The barbershop is a unique place for men to socialize. The barbershop is a masculine place. The barbershop is the man’s home away from home. Barbers have a sense of human solidarity that goes beyond daily matters.
A barber does not need too many special effects to set up his tiny universe. In Varanasi, on the bank of the holy Ganges River, a chair and a fabric canopy were everything a barber needed to create his magic place. Just a little further the ash of the deceased is being thrown into the muddy waters. In Katmandu I saw barbers fulfilling their “mission” in the little crossroad markets, between temples and stalls. Nor in Hanoi is not too much place - along the walls at the base of bridges, ad hoc barbershop opens next to the mopeds parked nearby. In Morocco, near the cemetery from the Fez medina, I saw the clients waiting in line in front of an improvised tent. In Portugal, the barber’s shop is where soccer fans gather. In Turkey or Palestine it’s a place where one can have a cup of tea and a relaxed chat with a perfect stranger. In Castellammare di Stabia – a small town on the Neapolitan coast, a nonagenarian that seemed to have come straight out of a classic movie suddenly restored my lust for life on a gloomy day. On a side street in Stockholm I found "Barber & Books" an extraordinary combination of a classic barbershop and bookstore. In Dublin I found "The Waldorf Barbers' a historical barbershop founded in 1929 and inherited from father to son.

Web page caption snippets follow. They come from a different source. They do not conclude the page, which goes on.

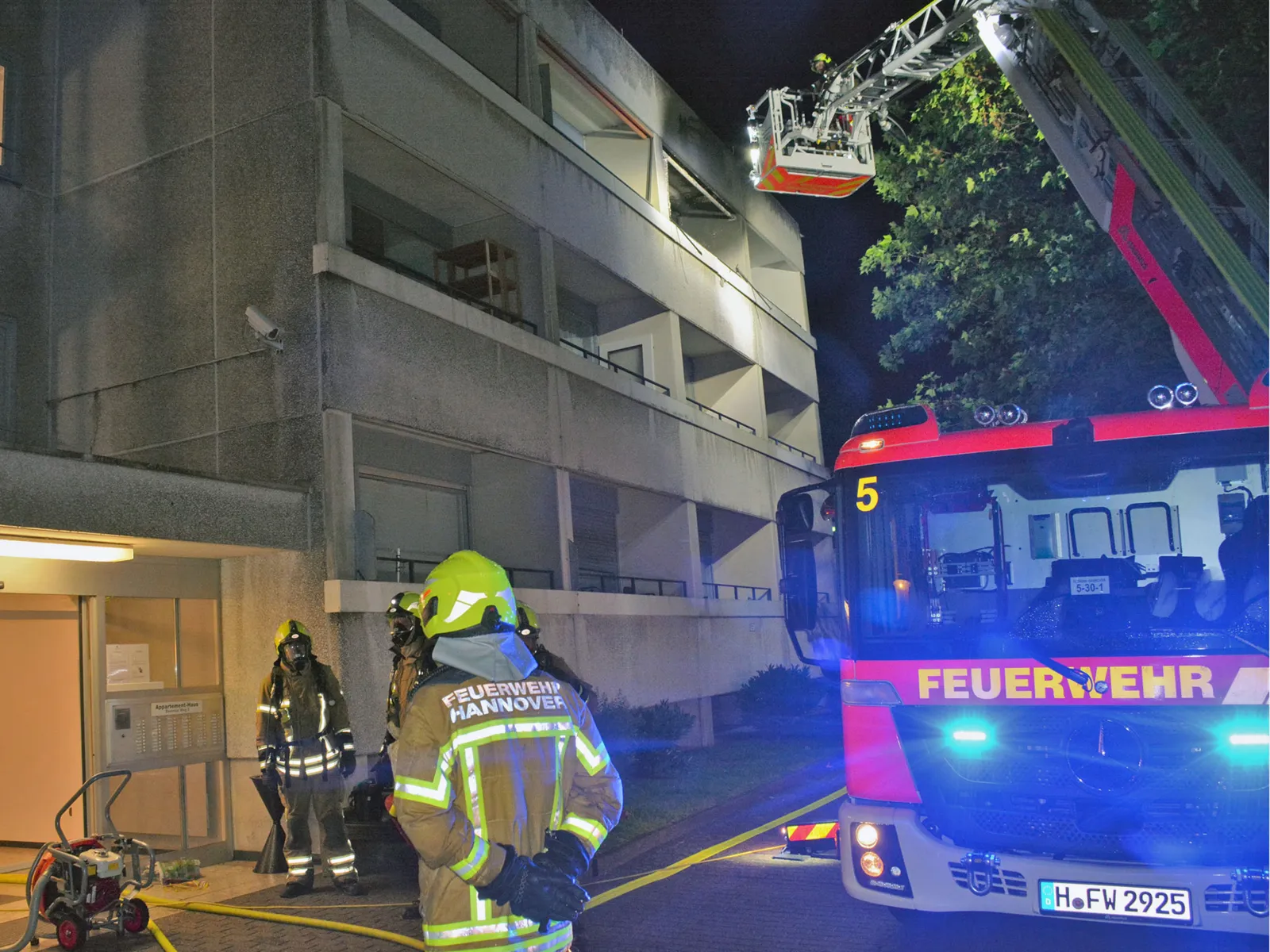 Frau bei Wohnungsbrand schwer verletzt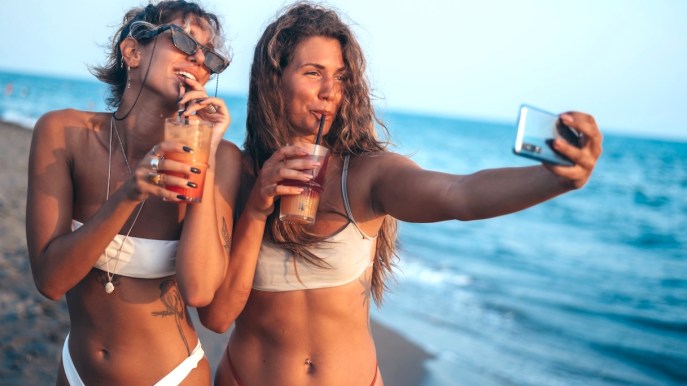 30 captions originali (in italiano e in inglese) da usare su Instagram per le vacanze con le amiche
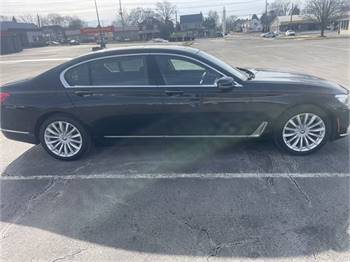 2019 BMW 740i w/ Executive Pkg. Nav & Panoramic Sunroof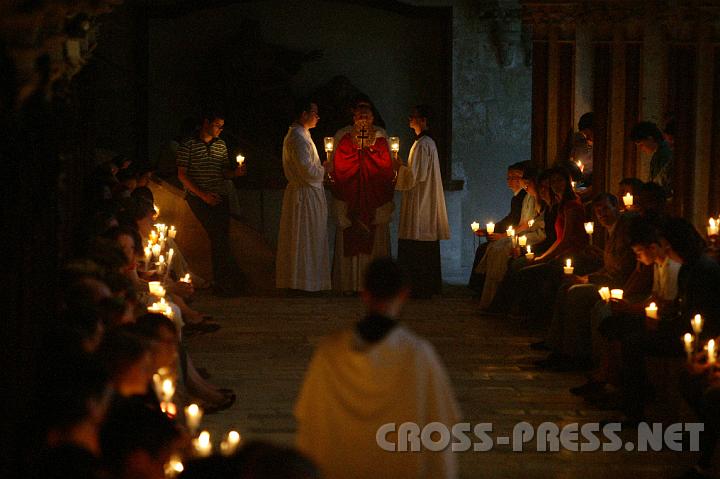 2008.07.04_20.47.50.JPG - Prozession durch Stiftskirche und Kreuzgang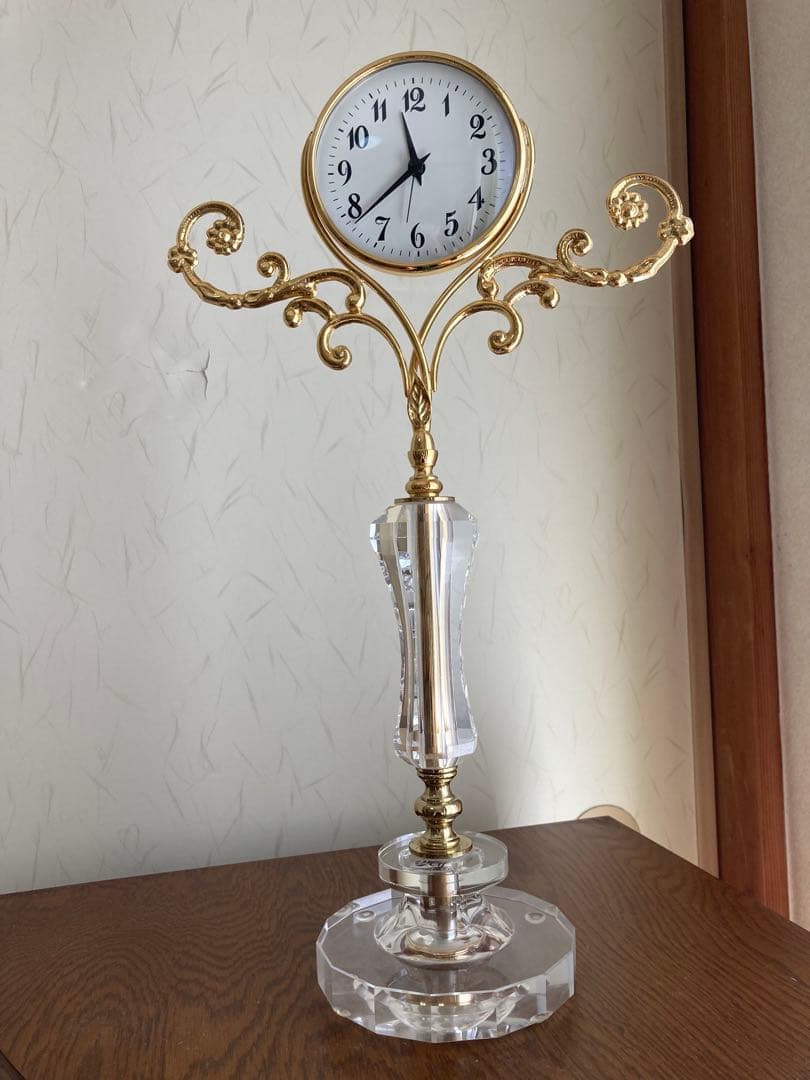 スタンド式置時計 ゴールド装飾 クリスタルベース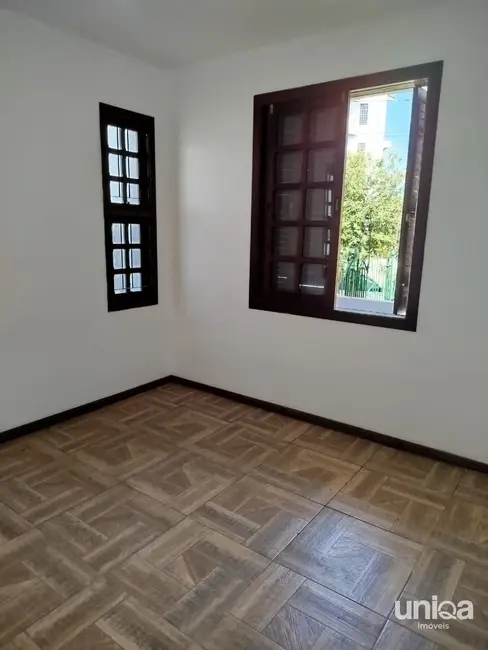 Foto 7 de Casa com 3 quartos para alugar, 283m2 em São José, Santa Maria - RS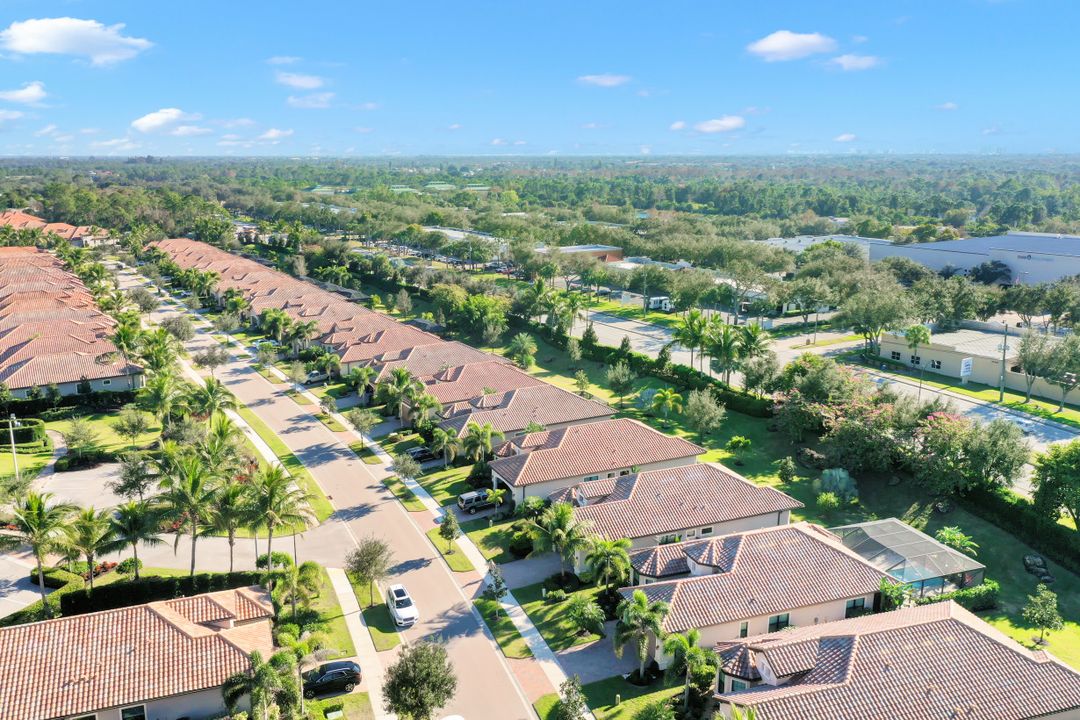 9037 Isla Bella Cir, Bonita Springs, FL 34135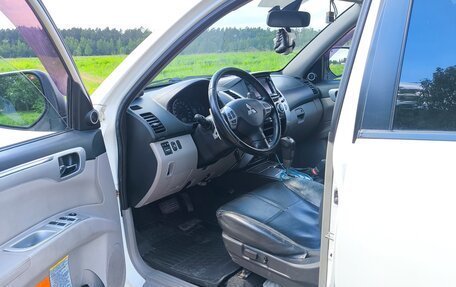 Mitsubishi Pajero Sport II рестайлинг, 2013 год, 1 720 000 рублей, 17 фотография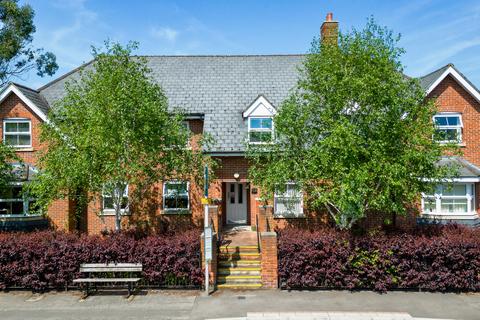 2 bedroom flat for sale, Elliman Court, Gowers Yard, Tring HP23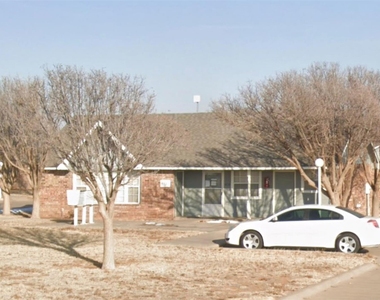 903 Alamo Road - Photo Thumbnail 2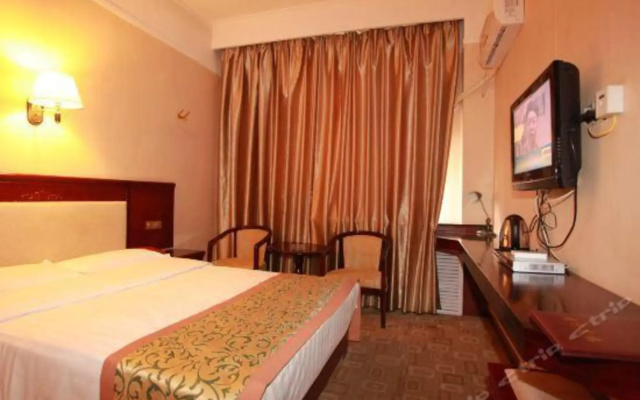 Huangpu Hotel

The “Barbershops” have been keeping me busy since 2006. If at the beginning I was working more hectically, now I do more planning ahead, I try to get in touch with owners beforehand, learn about their history and tradition (in case of family businesses spanning across generations). When I get there I already know how to approach the story and I feel much closer to the subjects.
Anywhere the roads have taken me, the barbershop is there like a genuine establishment that is never missing. Whether it is rich or poor, the man has always had the same unquenchable need to be proud and groomed - this is part of human nature itself.
Wherever you are, the bell that rings when you enter the barbershop has the same universal effect: you leave your worries at the doorstep and suddenly the wide-smiling man in the white gown becomes the best friend you’ve ever had. And then the ritual begins.